TASK ITEM:
State the number of lines in the records that contain "Royal", with no other words.

--- EXTRACTED ENTRIES ---

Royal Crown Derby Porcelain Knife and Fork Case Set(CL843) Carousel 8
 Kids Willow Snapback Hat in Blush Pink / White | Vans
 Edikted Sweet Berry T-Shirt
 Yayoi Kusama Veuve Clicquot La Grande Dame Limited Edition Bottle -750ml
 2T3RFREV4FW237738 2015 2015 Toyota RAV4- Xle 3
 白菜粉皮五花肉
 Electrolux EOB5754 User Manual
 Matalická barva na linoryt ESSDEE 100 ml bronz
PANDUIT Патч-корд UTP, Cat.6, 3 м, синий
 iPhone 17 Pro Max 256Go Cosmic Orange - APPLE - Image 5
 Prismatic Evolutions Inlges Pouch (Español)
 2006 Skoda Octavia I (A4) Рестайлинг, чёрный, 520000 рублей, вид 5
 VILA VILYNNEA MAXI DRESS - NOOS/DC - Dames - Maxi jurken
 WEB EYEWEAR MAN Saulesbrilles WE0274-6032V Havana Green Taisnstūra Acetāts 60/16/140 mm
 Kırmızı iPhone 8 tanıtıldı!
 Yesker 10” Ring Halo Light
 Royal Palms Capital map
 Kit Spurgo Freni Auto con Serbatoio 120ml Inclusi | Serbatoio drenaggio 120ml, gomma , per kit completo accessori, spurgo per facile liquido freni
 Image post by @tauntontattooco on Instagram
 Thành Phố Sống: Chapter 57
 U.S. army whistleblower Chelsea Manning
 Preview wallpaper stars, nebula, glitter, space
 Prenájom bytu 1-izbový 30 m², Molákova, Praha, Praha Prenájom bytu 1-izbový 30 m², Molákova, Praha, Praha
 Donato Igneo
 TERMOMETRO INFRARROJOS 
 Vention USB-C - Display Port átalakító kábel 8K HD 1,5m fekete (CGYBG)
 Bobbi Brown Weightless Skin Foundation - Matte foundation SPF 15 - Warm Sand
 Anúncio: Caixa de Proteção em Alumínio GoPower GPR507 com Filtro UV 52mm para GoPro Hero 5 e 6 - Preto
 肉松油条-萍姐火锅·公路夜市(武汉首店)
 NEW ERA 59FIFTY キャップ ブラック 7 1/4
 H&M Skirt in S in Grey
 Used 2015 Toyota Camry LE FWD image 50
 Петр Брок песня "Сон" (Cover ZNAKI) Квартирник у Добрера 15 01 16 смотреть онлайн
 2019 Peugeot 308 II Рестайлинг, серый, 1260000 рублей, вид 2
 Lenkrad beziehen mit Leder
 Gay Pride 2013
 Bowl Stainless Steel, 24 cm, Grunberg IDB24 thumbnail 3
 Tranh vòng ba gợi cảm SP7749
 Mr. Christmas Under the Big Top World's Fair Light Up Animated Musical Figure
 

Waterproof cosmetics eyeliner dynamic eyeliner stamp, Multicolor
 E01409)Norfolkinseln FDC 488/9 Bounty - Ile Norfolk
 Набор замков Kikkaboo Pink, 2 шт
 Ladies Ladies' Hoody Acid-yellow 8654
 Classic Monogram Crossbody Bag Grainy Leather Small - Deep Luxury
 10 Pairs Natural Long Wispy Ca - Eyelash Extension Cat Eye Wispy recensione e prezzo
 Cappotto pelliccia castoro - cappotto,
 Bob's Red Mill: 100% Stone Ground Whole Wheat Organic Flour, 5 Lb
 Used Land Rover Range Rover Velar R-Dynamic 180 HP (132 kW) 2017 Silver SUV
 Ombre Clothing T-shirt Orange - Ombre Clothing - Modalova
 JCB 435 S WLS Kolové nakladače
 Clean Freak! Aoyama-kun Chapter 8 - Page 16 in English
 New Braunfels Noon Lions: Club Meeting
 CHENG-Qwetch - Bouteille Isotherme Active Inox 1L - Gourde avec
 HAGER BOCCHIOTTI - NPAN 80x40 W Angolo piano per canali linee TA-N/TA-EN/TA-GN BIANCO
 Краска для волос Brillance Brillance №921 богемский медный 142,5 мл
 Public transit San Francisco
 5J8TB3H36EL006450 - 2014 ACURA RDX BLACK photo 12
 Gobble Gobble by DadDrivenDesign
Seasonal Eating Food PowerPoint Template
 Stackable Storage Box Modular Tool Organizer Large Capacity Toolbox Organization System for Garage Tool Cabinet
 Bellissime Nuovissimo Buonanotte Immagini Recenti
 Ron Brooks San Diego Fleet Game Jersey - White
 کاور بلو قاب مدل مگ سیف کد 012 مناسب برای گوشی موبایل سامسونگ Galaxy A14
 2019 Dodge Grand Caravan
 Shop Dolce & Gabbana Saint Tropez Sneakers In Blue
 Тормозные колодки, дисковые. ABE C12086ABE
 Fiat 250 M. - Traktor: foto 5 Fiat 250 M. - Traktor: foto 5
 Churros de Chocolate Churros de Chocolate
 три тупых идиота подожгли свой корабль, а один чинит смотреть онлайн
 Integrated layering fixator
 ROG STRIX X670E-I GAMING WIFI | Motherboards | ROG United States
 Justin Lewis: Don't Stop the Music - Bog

---

RESPONSE FOR THIS EXERCISE:
2